Au reste, parmi tous ceux dont l’œuvre peu connue n’a été fréquentée que des gens pour qui la littérature française ne commence pas seulement le jour où « Malherbe vint, » François Villon a eu l’honneur d’être un des plus dévalisés, même par les gros bonnets du Parnasse moderne. On s’est précipité sur le champ du pauvre et on a battu monnaie de gloire avec son humble trésor. Il est telle ballade écrite au coin de la borne et sous la gouttière, un jour de froidure, par le rapsode bohème ; telles stances amoureuses improvisées dans le taudis où la belle qui fut haultmière détachait à tout venant sa ceinture dorée, qui aujourd’hui, métamorphosées en galanteries de beau lieu flairant le musc et l’ambre, figurent dans l’album armorié d’une Chloris aristocratique.

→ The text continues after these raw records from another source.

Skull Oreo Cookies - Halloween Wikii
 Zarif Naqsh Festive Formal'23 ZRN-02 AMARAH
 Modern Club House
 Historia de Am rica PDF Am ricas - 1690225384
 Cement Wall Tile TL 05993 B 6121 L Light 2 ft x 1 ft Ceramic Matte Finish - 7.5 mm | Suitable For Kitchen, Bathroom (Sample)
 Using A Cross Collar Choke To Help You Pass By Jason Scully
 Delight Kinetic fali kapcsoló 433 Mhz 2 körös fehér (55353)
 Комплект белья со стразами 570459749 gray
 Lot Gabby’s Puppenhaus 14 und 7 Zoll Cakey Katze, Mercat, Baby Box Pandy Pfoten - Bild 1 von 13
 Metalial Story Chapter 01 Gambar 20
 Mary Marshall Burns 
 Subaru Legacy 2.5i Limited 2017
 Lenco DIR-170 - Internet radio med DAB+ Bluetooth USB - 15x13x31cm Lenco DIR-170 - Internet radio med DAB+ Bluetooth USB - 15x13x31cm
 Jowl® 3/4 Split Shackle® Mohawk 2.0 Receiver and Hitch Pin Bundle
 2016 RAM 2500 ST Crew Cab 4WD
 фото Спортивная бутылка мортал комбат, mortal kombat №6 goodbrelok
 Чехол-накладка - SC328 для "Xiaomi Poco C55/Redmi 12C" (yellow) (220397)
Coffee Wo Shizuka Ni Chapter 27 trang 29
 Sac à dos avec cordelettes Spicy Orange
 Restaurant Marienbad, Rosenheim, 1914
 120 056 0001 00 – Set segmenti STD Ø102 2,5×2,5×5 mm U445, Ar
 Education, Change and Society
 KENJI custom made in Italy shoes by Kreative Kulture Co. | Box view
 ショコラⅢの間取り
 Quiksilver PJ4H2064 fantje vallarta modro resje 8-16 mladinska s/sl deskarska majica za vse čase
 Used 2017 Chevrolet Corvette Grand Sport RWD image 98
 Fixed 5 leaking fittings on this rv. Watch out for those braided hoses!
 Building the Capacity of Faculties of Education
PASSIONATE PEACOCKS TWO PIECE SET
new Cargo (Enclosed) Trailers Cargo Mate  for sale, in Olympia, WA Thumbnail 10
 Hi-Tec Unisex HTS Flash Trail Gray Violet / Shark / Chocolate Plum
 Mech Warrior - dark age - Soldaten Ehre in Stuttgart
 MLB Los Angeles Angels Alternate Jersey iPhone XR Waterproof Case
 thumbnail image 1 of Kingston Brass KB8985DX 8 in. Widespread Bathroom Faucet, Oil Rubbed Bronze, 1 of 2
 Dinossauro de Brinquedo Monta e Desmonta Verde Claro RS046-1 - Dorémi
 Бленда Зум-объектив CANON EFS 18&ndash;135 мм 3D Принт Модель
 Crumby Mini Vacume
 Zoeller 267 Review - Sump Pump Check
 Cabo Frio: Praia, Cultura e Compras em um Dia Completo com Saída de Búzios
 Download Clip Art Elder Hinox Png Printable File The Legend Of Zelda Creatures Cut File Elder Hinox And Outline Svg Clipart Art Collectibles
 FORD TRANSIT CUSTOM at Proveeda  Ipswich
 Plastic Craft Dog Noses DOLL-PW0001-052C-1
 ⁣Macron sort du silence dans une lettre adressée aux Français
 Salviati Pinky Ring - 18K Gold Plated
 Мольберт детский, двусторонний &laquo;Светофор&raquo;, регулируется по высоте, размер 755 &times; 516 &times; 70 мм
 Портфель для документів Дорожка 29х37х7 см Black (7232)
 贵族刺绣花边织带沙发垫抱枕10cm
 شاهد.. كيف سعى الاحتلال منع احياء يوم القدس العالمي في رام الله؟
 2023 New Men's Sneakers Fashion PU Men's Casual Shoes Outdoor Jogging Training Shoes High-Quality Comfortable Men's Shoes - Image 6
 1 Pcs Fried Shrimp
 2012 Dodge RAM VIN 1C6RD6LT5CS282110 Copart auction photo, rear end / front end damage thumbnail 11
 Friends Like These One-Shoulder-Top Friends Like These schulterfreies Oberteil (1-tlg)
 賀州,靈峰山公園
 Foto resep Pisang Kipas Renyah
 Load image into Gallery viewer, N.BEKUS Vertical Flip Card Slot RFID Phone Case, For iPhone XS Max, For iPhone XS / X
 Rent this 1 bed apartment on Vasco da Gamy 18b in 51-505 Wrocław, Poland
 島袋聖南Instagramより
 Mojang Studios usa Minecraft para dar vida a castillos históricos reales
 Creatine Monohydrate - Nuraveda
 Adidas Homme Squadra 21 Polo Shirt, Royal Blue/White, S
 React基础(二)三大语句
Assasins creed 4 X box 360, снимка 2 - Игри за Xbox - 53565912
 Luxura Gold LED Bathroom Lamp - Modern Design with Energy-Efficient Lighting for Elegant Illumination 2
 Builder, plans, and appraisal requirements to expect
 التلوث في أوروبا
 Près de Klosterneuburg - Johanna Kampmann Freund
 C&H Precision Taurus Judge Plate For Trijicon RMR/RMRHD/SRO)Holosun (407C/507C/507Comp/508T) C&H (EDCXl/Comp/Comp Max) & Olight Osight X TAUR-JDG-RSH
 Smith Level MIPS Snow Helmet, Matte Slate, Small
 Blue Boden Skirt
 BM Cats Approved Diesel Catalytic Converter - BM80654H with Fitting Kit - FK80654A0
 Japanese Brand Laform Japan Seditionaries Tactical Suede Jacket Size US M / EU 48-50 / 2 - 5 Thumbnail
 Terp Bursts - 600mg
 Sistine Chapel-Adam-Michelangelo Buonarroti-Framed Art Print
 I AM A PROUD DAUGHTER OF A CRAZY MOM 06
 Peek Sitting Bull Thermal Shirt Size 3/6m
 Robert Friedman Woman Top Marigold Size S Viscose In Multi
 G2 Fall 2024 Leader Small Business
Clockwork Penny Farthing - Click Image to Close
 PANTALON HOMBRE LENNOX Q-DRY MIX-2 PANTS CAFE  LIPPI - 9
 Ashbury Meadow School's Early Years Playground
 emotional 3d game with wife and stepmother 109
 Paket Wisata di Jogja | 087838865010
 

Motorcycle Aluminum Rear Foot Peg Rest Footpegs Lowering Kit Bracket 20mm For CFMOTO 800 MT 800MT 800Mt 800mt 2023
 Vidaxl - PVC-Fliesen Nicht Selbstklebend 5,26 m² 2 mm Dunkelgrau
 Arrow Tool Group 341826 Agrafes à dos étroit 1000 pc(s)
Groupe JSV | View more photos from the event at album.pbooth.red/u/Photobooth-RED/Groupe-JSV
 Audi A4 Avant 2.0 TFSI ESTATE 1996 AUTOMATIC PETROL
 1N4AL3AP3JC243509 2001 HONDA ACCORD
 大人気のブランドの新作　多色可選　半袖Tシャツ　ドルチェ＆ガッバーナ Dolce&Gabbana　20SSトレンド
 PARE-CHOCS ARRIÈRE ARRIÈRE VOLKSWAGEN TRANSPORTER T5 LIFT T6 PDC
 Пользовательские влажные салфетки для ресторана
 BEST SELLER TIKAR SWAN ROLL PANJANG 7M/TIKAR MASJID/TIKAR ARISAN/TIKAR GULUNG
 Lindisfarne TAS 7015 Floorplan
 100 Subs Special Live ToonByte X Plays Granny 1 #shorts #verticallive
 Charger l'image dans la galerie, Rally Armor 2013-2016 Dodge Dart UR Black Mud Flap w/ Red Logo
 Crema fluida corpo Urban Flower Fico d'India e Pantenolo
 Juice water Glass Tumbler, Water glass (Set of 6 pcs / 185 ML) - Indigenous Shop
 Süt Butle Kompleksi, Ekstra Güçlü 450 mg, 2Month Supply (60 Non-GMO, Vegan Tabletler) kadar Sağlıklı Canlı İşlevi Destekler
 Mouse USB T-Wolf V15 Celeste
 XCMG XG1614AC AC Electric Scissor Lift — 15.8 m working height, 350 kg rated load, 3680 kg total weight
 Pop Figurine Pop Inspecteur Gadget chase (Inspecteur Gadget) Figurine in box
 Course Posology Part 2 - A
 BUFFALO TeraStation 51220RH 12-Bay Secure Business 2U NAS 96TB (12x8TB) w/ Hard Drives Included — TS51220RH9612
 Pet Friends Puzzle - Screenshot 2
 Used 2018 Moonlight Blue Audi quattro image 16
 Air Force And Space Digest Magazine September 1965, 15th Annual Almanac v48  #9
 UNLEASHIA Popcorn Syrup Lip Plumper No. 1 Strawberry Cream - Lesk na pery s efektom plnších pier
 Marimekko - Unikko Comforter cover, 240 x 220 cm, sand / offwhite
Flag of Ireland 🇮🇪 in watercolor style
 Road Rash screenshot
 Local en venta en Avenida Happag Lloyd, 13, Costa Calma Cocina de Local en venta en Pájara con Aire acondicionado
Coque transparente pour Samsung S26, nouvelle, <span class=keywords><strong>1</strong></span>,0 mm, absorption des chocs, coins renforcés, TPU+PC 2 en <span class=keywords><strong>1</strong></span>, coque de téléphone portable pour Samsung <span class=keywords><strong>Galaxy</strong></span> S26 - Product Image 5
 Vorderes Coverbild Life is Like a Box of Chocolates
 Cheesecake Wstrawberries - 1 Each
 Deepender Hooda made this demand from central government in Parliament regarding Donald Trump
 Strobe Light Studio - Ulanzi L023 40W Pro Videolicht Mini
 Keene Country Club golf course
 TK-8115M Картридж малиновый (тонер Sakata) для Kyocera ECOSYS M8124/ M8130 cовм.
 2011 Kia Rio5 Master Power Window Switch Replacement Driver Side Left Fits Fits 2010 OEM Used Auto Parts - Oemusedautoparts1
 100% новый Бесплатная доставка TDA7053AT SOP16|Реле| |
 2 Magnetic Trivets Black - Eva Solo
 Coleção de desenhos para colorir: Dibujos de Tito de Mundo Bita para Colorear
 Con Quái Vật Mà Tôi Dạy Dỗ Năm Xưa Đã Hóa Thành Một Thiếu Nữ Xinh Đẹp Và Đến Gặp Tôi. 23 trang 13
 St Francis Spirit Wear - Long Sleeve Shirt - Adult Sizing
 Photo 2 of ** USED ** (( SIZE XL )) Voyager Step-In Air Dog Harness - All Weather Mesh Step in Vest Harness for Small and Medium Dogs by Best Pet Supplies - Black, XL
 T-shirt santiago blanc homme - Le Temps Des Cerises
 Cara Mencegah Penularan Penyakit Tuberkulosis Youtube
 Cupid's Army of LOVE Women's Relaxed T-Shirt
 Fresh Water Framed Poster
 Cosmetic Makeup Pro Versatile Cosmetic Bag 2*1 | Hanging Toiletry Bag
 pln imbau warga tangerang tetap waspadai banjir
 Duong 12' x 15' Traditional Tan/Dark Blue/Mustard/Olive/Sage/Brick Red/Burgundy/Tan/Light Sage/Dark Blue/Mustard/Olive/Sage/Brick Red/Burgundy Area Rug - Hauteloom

Mais voici le grand siècle de la renaissance qui s’ouvre. Michel-Ange gravit les échafauds de la Sixtine et regarde d’un air soucieux le jeune Raphaël qui monte l’escalier du Vatican, portant sous son bras les cartons des loges. Benvenuto médite son Persée, Ghiberti cisèle les portes du Baptistère en même temps que Donatello dresse ses marbres sur les ponts de l’Arno ; et pendant que la cité des Médicis lutte de chefs-d’œuvre avec la ville de Léon X et de Jules II, Titien et Véronèse illustrent la cité des doges ; Saint-Marc lutte avec Saint-Pierre.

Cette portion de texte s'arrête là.